◆ What the task asks
Extract, exactly and without pictures, every line from the one that includes "CapitalFMKenya's tweet photo." through the final line of the material below.

◆ Source data

++++++++++

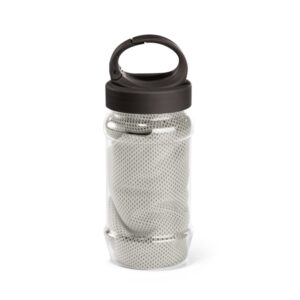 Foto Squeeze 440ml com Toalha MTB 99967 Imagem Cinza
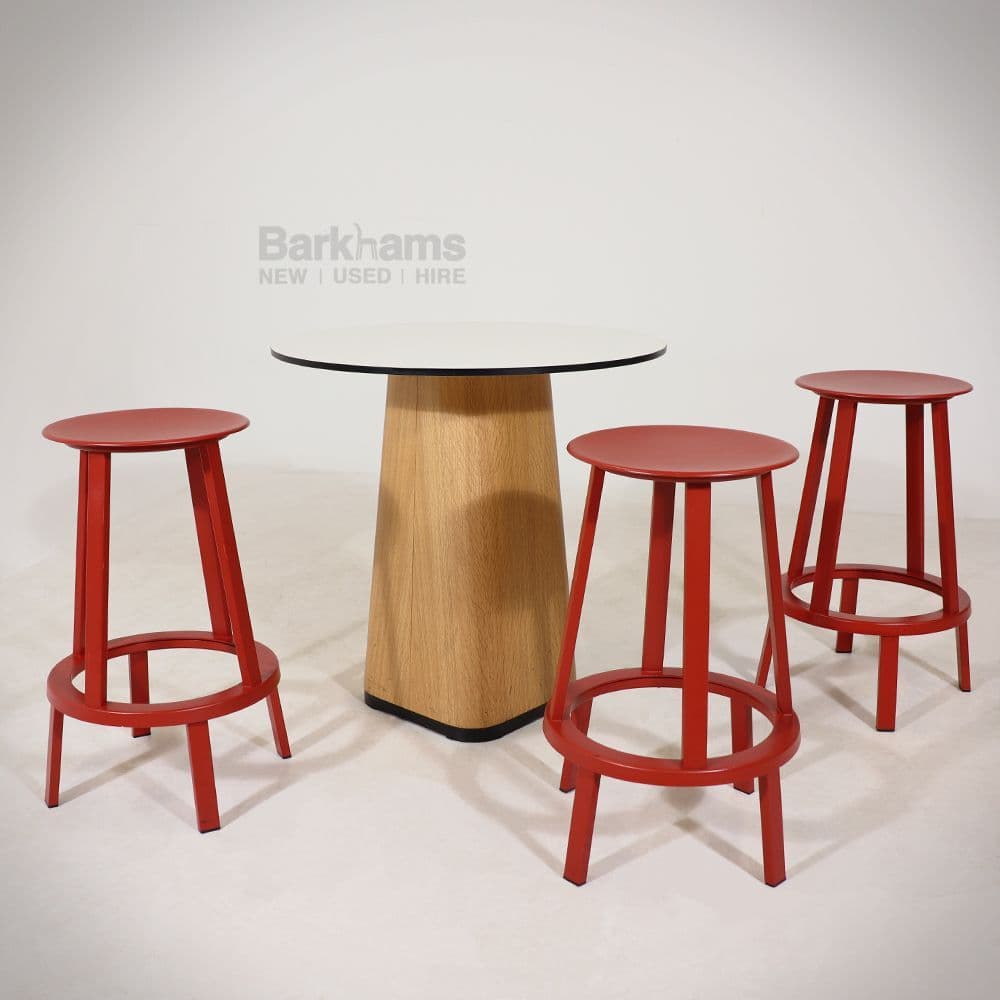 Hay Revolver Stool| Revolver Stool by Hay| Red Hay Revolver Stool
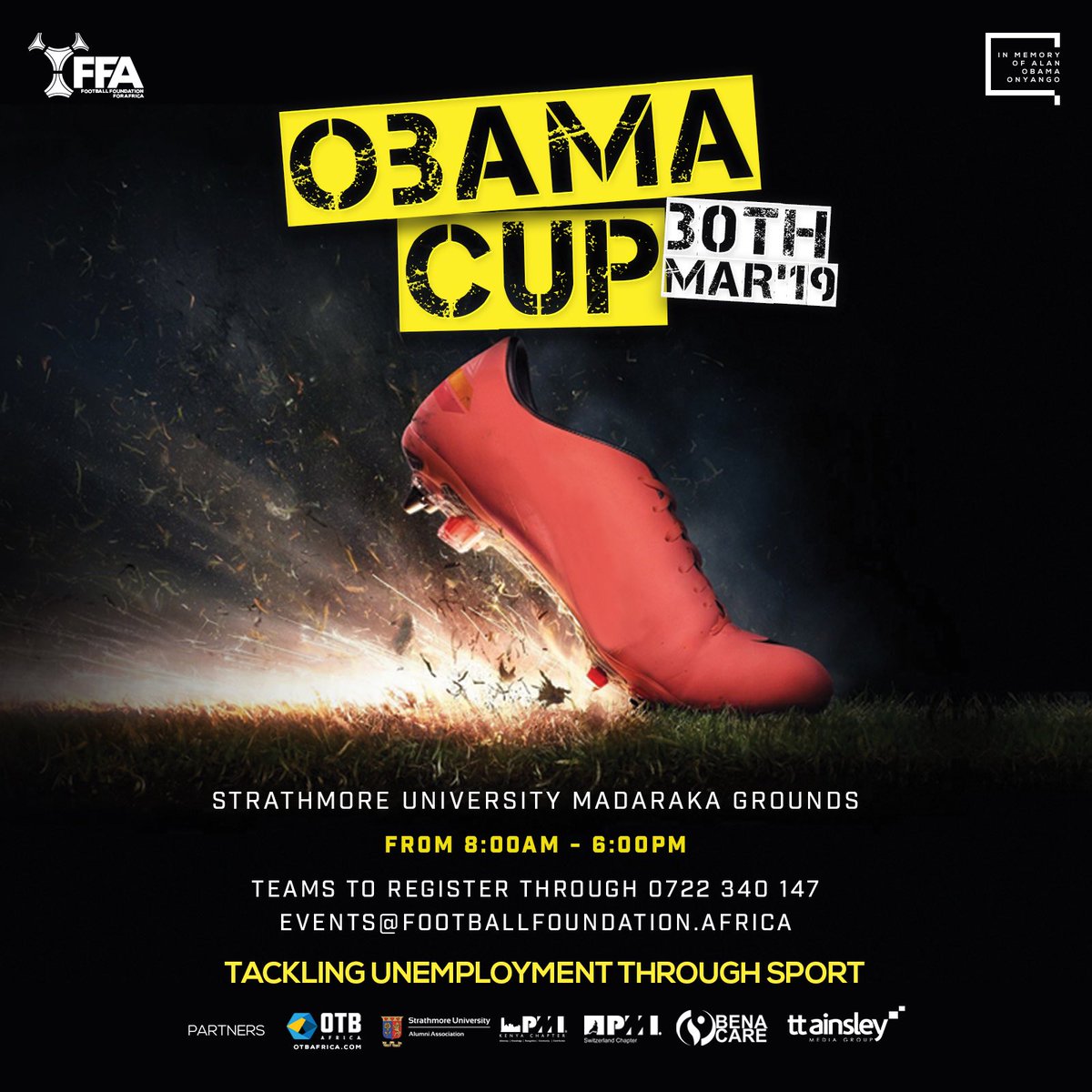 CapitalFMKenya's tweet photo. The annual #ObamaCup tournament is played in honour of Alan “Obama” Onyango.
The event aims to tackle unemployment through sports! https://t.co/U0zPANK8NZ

++++++++++

◆ Solution to this problem
 CapitalFMKenya's tweet photo. The annual #ObamaCup tournament is played in honour of Alan “Obama” Onyango.
The event aims to tackle unemployment through sports! https://t.co/U0zPANK8NZ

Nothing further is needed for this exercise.